■ TASK TO CARRY OUT
Return all the data below as it stands, minus the pictures.

■ MATERIAL PROVIDED

________________________________________

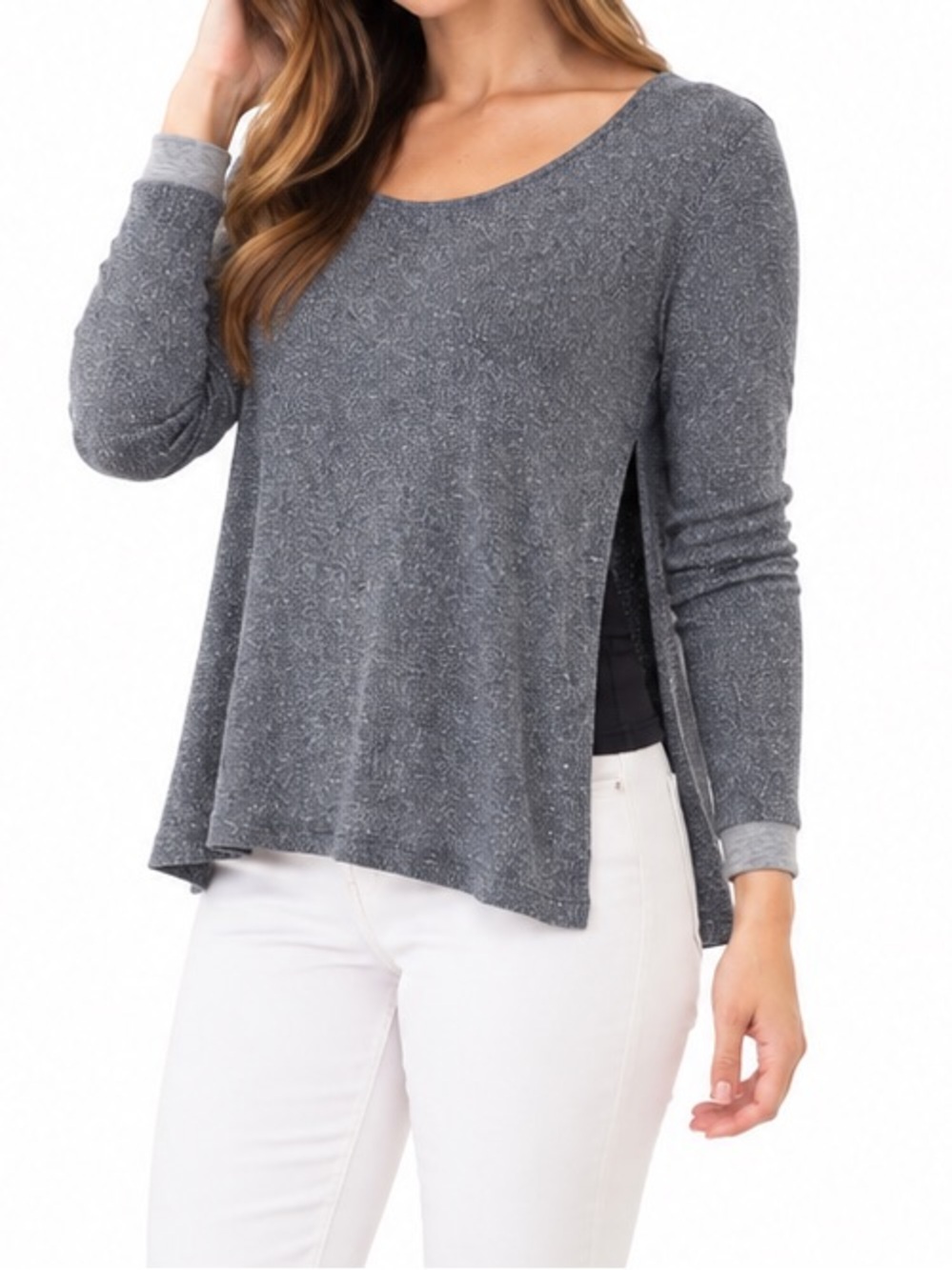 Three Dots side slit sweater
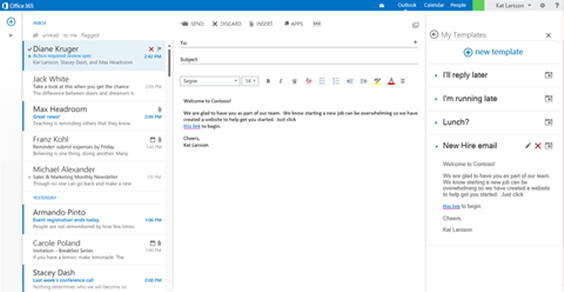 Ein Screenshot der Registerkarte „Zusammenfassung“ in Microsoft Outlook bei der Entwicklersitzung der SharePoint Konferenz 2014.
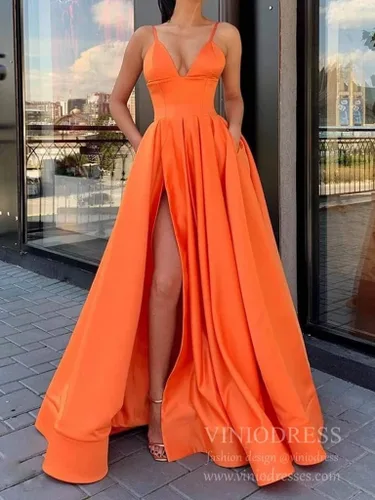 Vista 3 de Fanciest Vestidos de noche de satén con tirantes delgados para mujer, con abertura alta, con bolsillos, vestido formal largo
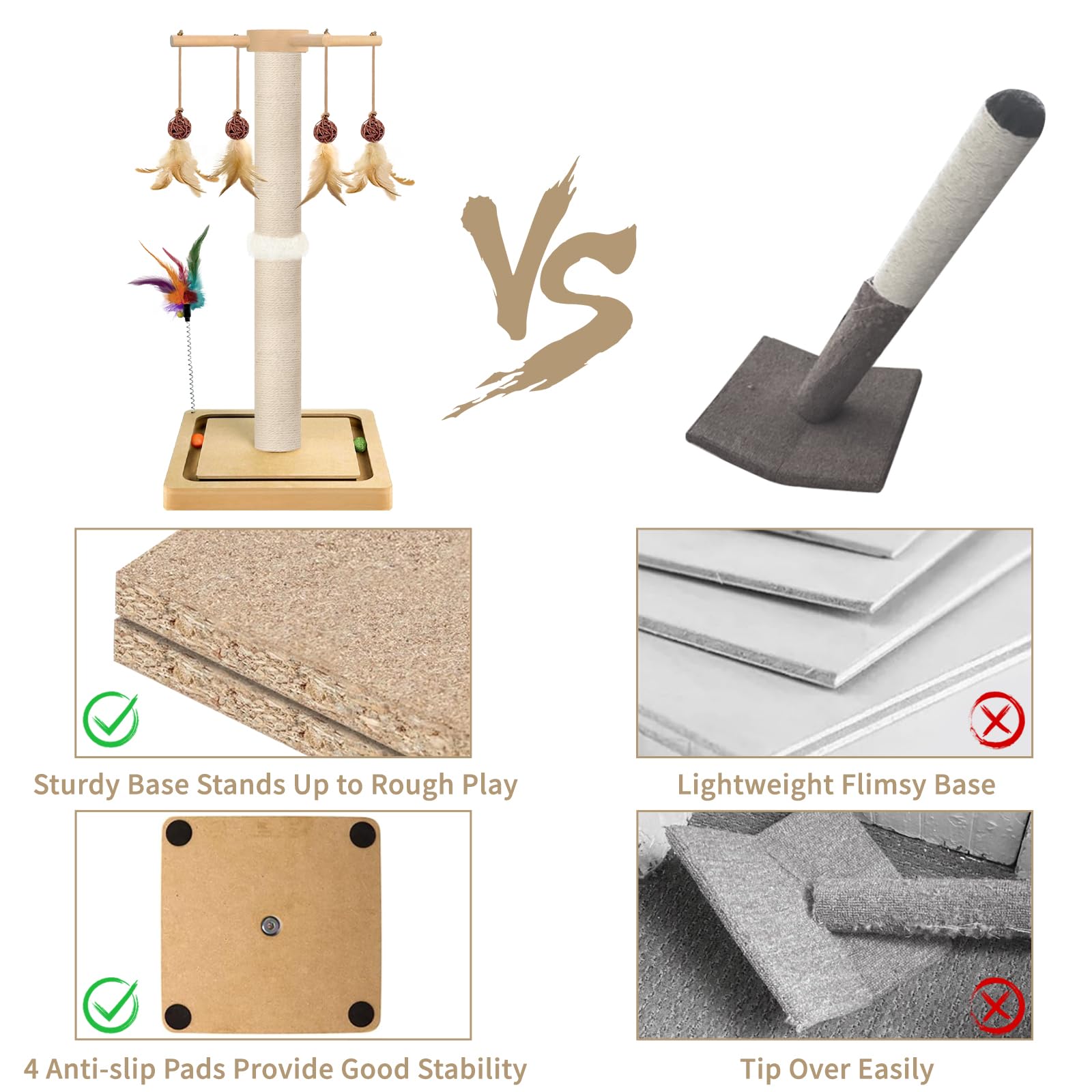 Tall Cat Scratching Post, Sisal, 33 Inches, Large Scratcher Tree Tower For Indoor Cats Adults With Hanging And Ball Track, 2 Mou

________________________________________

■ SOLUTION FOR THIS PROBLEM
 Three Dots side slit sweater
 Ein Screenshot der Registerkarte „Zusammenfassung“ in Microsoft Outlook bei der Entwicklersitzung der SharePoint Konferenz 2014.
 Vista 3 de Fanciest Vestidos de noche de satén con tirantes delgados para mujer, con abertura alta, con bolsillos, vestido formal largo
 Tall Cat Scratching Post, Sisal, 33 Inches, Large Scratcher Tree Tower For Indoor Cats Adults With Hanging And Ball Track, 2 Mou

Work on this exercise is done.